Wij willen beproeven ze aan te toonen.
De restauratie was een tusschentijdvak, dat moeielijk te beschrijven is, een tijdvak van afmatting, dof gerucht, gemor, slaap, rumoer, welke niets anders beteekenen dan de komst eener groote natie aan een rustpunt. Deze tijdvakken zijn buiten allen regel en bedriegen de staatkundigen, die ze willen bewerken. Bij den aanvang vraagt de natie slechts rust; men haakt slechts naar vrede; men heeft geen andere eerzucht dan klein te zijn; ’t geen wil zeggen rustig te blijven. Men heeft, God dank, tot verzadigens toe, genoeg groote gebeurtenissen, groote afwisselingen, groote avonturen, groote mannen gezien. Men zou gaarne Cesar voor Prusias, en Napoleon voor den koning van Yvetot geven: Quel bon petit roi c’était là! (welk een goed koninkje was dat!) Men heeft sinds het aanbreken van den dag gegaan en is aan den avond van een langen vermoeienden dag; den eersten tocht heeft men met Mirabeau, den tweeden met Robespierre, den derden met Bonaparte afgelegd; men is van vermoeidheid uitgeput. Ieder verlangt naar bed.

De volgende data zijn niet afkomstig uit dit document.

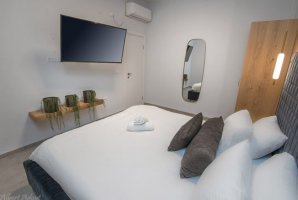 שלוות ענהאל 18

De vermoeide opoffering, de oud geworden heldenmoed, de verzadigde eerzucht, de bereikte fortuin – dat alles zoekt, eischt, smeekt, verzoekt, wat? – een nachtverblijf. Zij hebben het. Zij nemen bezit van den vrede, van de rust, van het gemak – zij zijn tevreden. Maar tezelfdertijd doen zich feiten voor, maken zich bekend en kloppen hunnerzijds aan de deur. Deze feiten zijn uit de revolutiën en de oorlogen voortgekomen; zij bestaan, zij leven, zij hebben het recht zich in de maatschappij te vestigen en vestigen er zich; meesttijds zijn de feiten kwartiermakers en fouriers, die niets doen dan voor de beginselen kwartieren gereed te maken.
Nu verschijnt voor de politieke wijsgeeren het volgende:
Terwijl de vermoeide menschen naar rust verlangen, eischen de volbrachte feiten waarborgen. Voor de feiten zijn waarborgen hetzelfde als rust voor de menschen.
Die vroeg Engeland na den protector aan de Stuarts; die vroeg Frankrijk den Bourbons na het Keizerrijk.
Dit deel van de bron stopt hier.